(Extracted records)

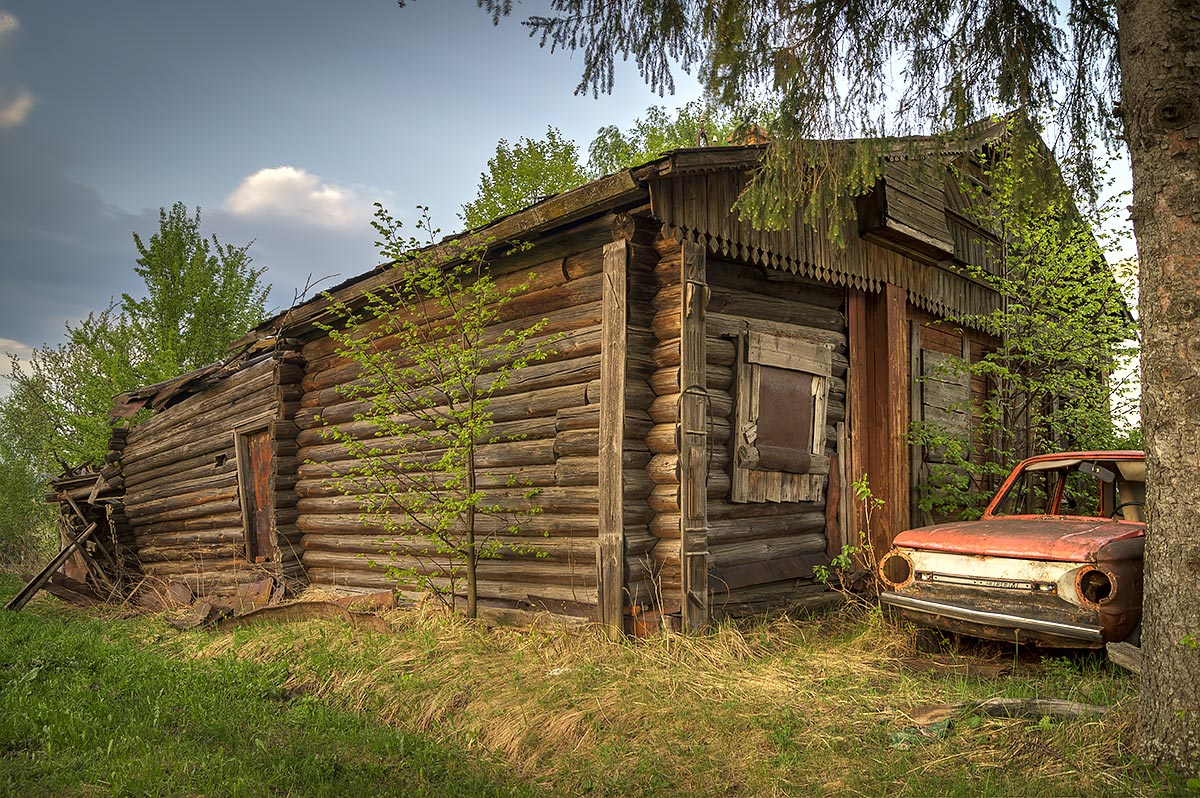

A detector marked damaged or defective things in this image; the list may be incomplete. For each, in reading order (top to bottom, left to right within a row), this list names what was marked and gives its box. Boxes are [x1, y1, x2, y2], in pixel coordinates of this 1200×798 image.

rusty metal sheet on window [753, 364, 811, 472]
rusty abandoned car [878, 448, 1147, 648]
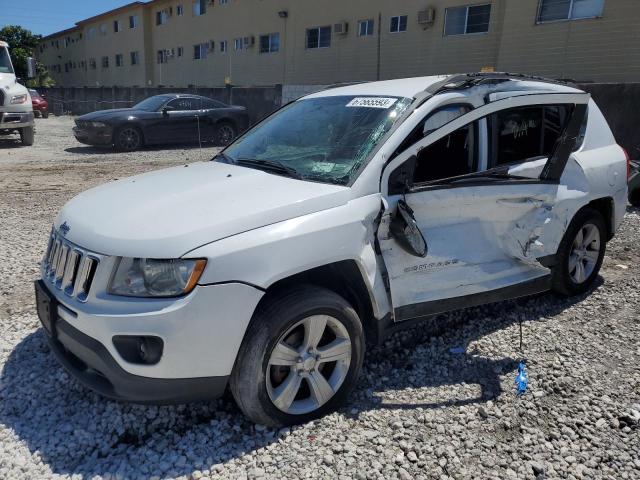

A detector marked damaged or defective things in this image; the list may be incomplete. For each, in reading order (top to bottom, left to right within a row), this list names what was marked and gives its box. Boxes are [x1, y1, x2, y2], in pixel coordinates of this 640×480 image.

shattered windshield [219, 94, 410, 185]
damaged passenger door [378, 92, 588, 320]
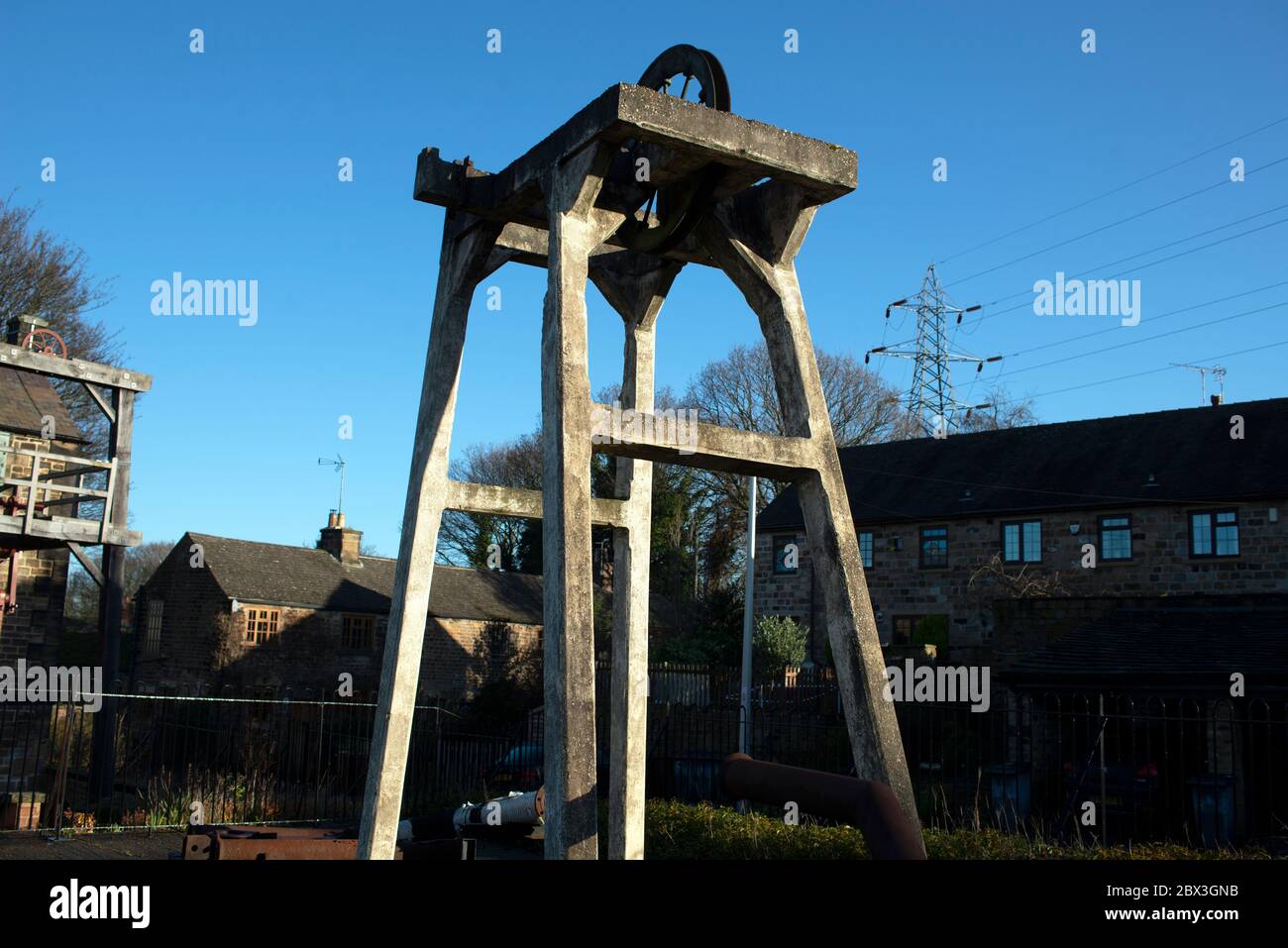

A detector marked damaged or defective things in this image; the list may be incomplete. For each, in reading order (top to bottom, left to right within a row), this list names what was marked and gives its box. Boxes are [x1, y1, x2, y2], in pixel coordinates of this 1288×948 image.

rusty metal pipe [726, 757, 926, 860]
rusty metal object on ground [726, 757, 926, 860]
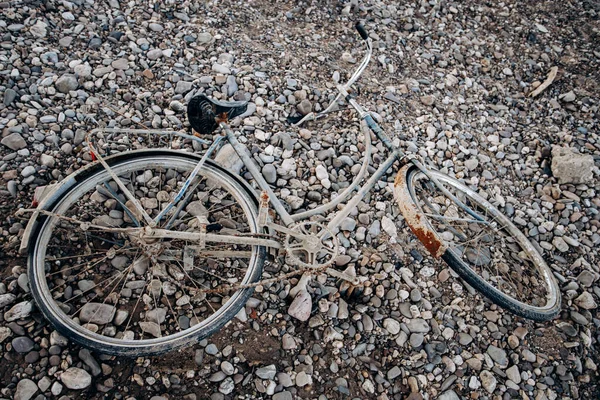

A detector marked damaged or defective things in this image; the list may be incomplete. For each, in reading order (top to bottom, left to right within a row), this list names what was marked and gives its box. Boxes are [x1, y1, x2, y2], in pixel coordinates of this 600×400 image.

rusty bicycle [19, 23, 564, 354]
rust patch [394, 164, 446, 258]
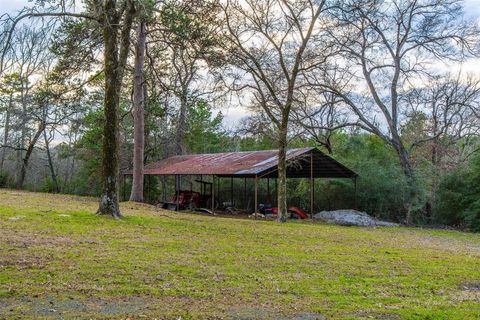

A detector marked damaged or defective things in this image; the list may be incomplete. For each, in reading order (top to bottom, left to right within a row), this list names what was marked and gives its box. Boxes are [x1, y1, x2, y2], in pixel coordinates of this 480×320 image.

rusty metal roof [140, 147, 356, 178]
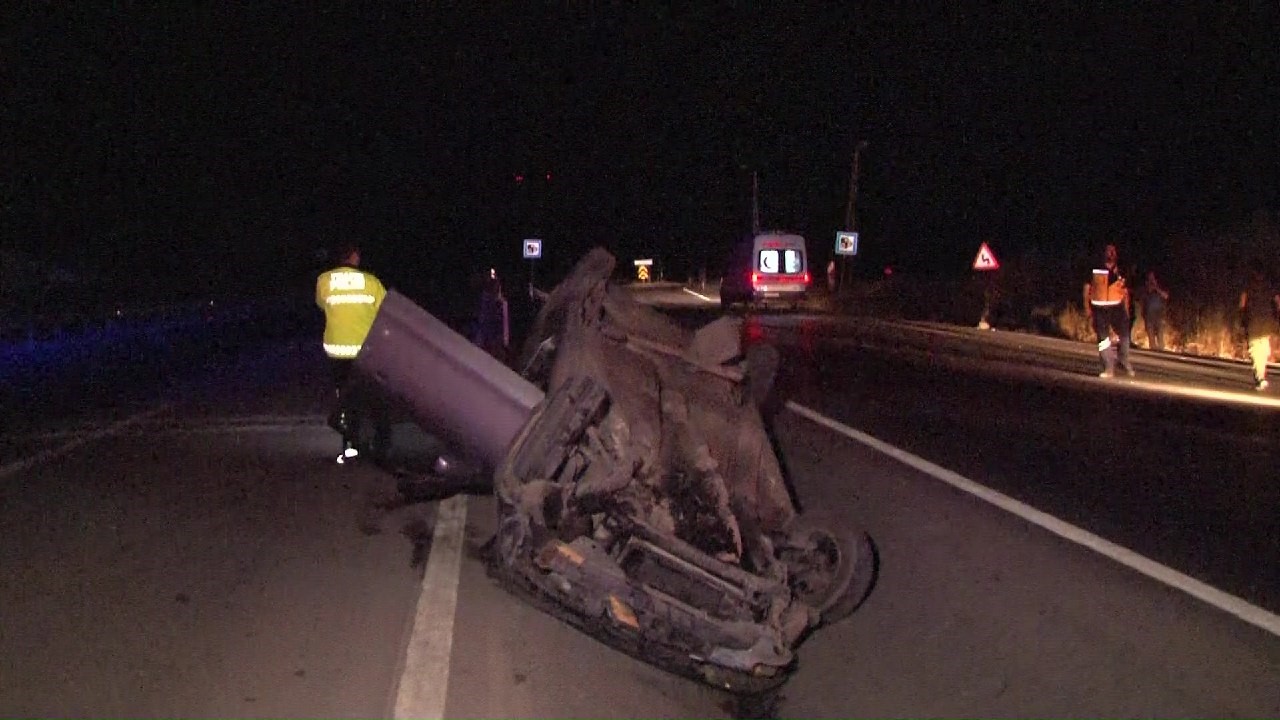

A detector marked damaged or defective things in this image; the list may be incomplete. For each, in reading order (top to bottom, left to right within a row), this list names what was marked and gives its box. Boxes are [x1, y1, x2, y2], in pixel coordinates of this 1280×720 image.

damaged car frame [356, 248, 876, 692]
overturned vehicle [356, 249, 876, 692]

**Problem requirements**
Set down again, exactly, the lines from the one with "this 480×320 image." to the last line of the data, both included and pictures excluded.

**Task response**
A detector marked damaged or defective things in this image; the list may be incomplete. For each, in reading order (top to bottom, left to right within a row), this list names what was marked and gives its box. Boxes are [x1, y1, x2, y2], in pixel coordinates of this 480×320 image.

rusty metal roof [140, 147, 356, 178]

A detector marked damaged or defective things in this image; the list may be incomplete. For each, in reading order (top to bottom, left to right within a row), this list names what was marked and gives its box. Boxes are [x1, y1, x2, y2], in pixel coordinates of this 1280×720 image.

damaged car frame [356, 248, 876, 692]
overturned vehicle [356, 249, 876, 692]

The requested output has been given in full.